## WHAT THE EXERCISE ASKS
Below are the records; print exactly the lines from the one with "The Dark Hedges, N. Ireland" through the last, both included, and leave the pictures out.

## EXERCISE MATERIAL
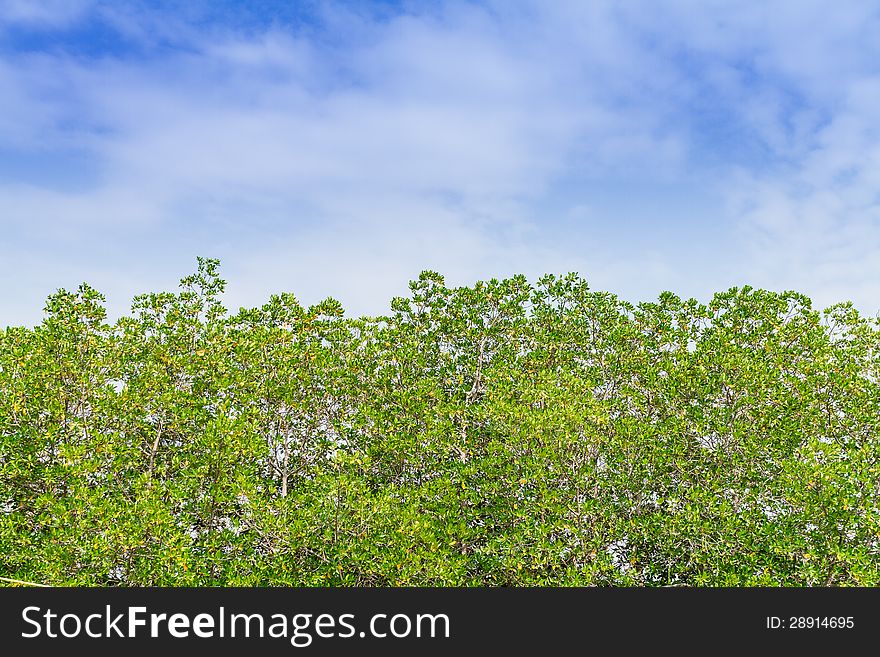 Trees and sky in nature background
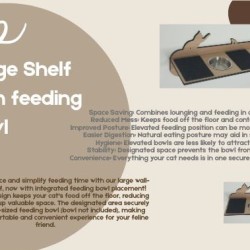 Wall Mounted Large Shelf With Feeding Bowl for cats
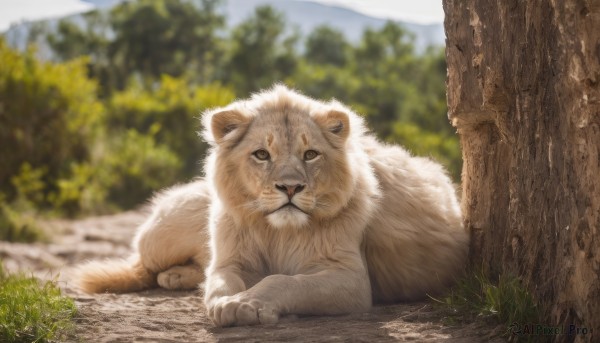 solo,looking at viewer,brown eyes,closed mouth,full body,outdoors,lying,day,blurry,tree,no humans,depth of field,blurry background,animal,grass,on stomach,nature,realistic,animal focus,sky,artist name,signature,forest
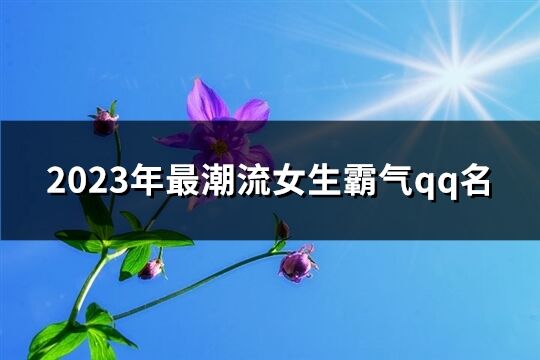 2023年最潮流女生霸气qq名(共201个)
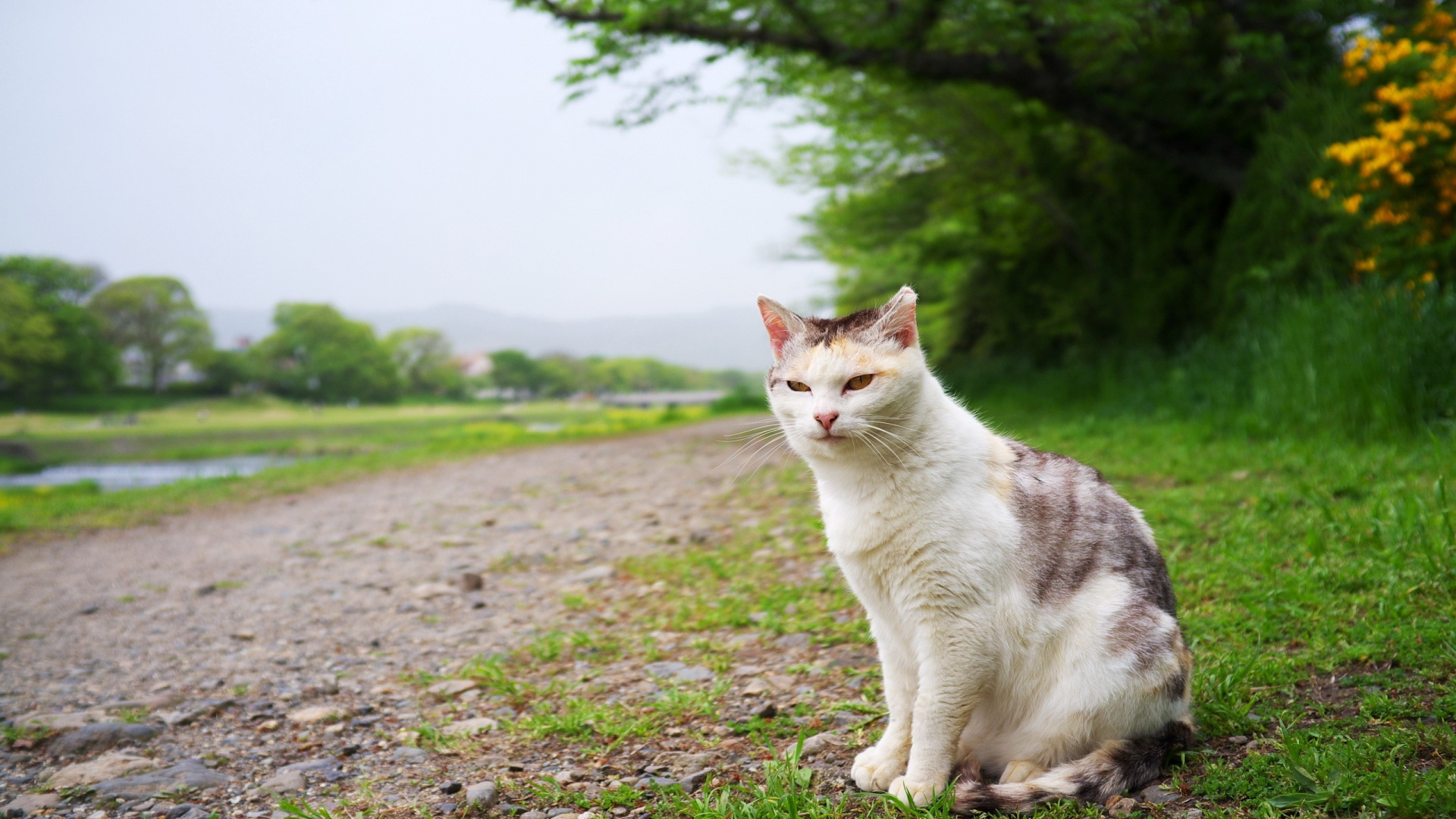 Эгейская кошка фото описание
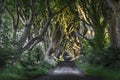 The Dark Hedges, N. Ireland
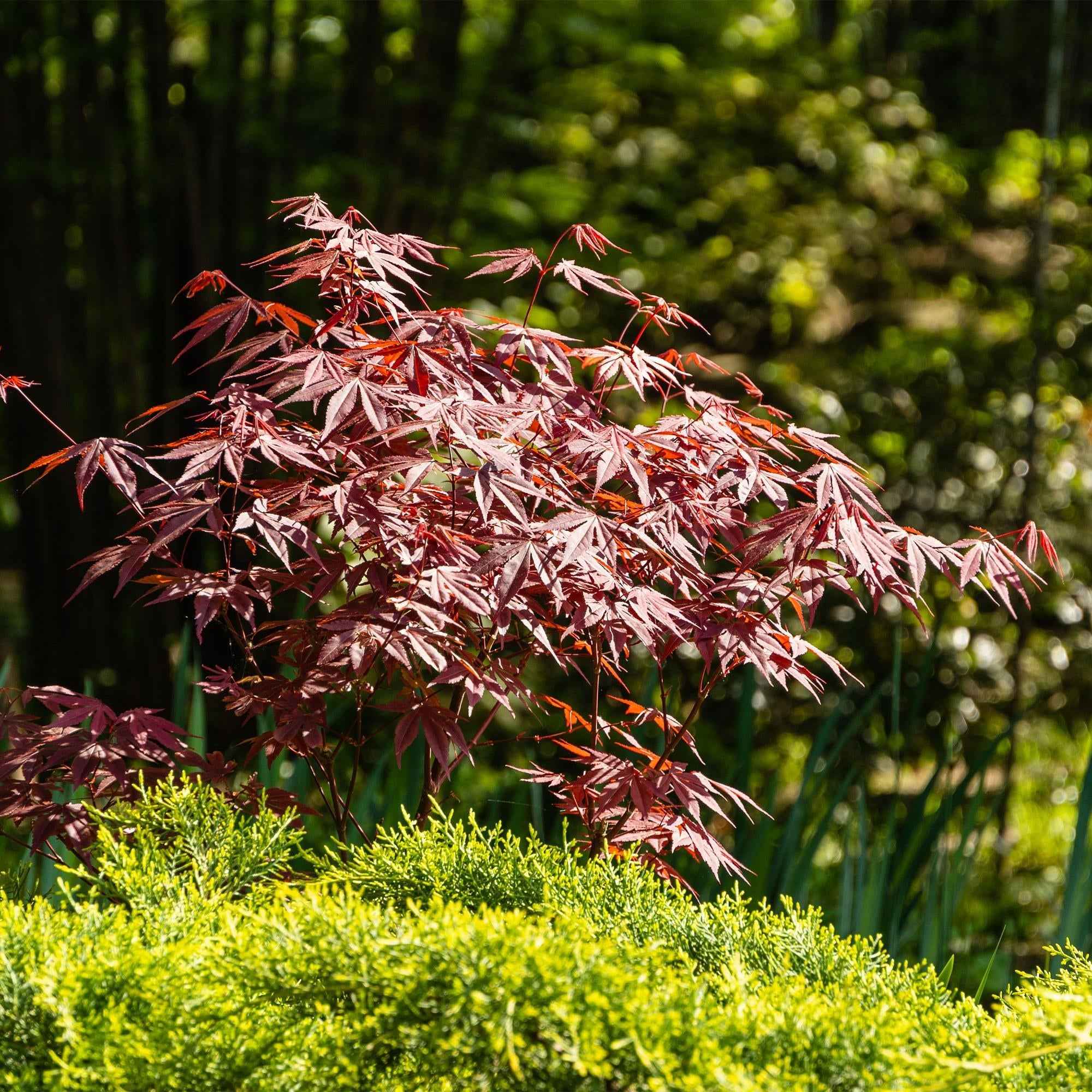 Image of Japanischer Ahorn Acer palmatum Atropurpureum – Lila Balkonpflanze – Ø19cm – Höhe ca. 70cm – Kompakter Zierahorn mit tiefviolettem Laub-4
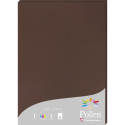 Pollen 210x297mm 210gsm sheet packed 25s/ Pc.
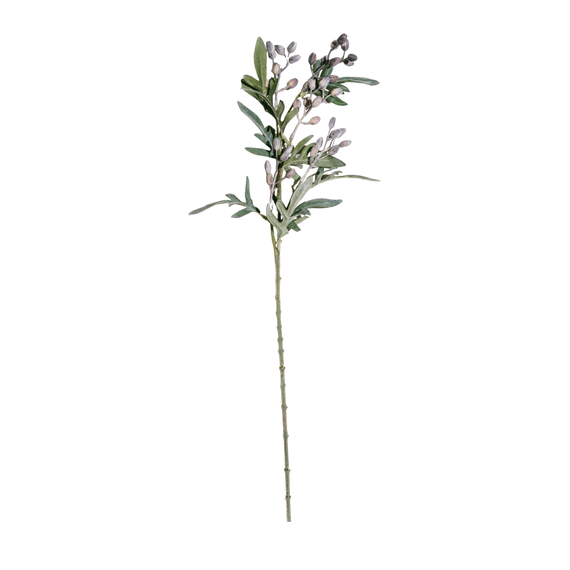 FS129 Eucalyptus Fruit 27" PK 12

## ANSWER
 The Dark Hedges, N. Ireland
 Image of Japanischer Ahorn Acer palmatum Atropurpureum – Lila Balkonpflanze – Ø19cm – Höhe ca. 70cm – Kompakter Zierahorn mit tiefviolettem Laub-4
 Pollen 210x297mm 210gsm sheet packed 25s/ Pc.
 FS129 Eucalyptus Fruit 27" PK 12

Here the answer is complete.